Comment: Lastly, while the authors speculate that sleep disruption and altered circadian rhythms might explain the surprising finding that fasting glucose is higher in the rural context, a simpler (but less interesting) possibility is that people in a rural context may be less likely to adhere to the requirement of an overnight fast prior to blood draw (especially if as noted, night fishing is a common activity in the rural setting). In the future, glycosylated hemoglobin (HbA1c) could be measured to provide a more reliable, long-term indicator of glucose levels.

Response: Thank you for this suggestion - we have revised the manuscript to include this possibility.

Comment: Also, although maybe less relevant, it was unclear whether there are ethnic differences within or between sampling areas that might reflect genetic differences underlying health risk.

Response: There were no ethnic differences between the sampling areas.

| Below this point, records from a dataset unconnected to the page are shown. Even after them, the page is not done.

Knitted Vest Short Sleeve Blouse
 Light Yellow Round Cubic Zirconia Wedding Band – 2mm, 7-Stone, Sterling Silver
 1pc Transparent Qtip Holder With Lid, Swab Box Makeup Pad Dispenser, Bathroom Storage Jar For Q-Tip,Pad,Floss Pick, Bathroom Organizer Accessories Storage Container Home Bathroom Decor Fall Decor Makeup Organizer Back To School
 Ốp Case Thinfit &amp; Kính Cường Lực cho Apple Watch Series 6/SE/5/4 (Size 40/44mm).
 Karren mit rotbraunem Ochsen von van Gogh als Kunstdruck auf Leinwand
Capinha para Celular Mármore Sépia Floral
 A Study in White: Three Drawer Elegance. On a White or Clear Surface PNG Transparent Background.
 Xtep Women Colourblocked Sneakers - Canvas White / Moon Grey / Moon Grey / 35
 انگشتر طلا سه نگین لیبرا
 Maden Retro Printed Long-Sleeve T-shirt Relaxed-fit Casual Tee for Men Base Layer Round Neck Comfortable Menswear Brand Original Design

This is shown in table 1 where reference is made to parental tribe.

Comment: Overall, this is a nice epidemiological study highlighting imminent chronic disease risks in Uganda, showcasing that such risks are not restricted to urban areas. Prevalence rates of hypertension and central obesity are noteworthy in both urban and rural contexts.

Minor:

Comment: Given lower response rate due to absenteeism in the urban sample, are absent individuals more or less likely to show any health differences than those at home (e.g. more involved in wage labor, and perhaps more integrated into market economy)? If data exist for only one round of data collection then maybe this potential for bias cannot be checked.

Response: Unfortunately, there was only one urban survey. We did not explore the health differences between individuals who were present at home and those absent because the individual questionnaires used to capture these data were only administered to participants who were present.

Comment: Any current use of medications, e.g. for hypertension? If so, are those individuals excluded from analyses of biomarkers?

Response: Current use of medications especially for hypertension, was uncommon and therefore these individuals were not excluded from the analysis.

Associated Data

    This section collects any data citations, data availability statements, or supplementary materials included in this article.

    Data Availability Statement

    Underlying data

    LSHTM Data compass: Contrasting impact of rural, versus urban, living on glucose metabolism and blood pressure in Uganda. https://doi.org/10.17037/DATA.00001528 26.

    This project contains the following underlying data:

    • Rural-urban_survey_data.csv (individual-level rural-urban survey data).

    • Rural-urban_survey_data_codebook.html (codebook for Rural-urban survey data; also lists all questions asked of study participants).

    Data are available under the terms of the Creative Commons Attribution 3.0 International license (CC-BY 3.0).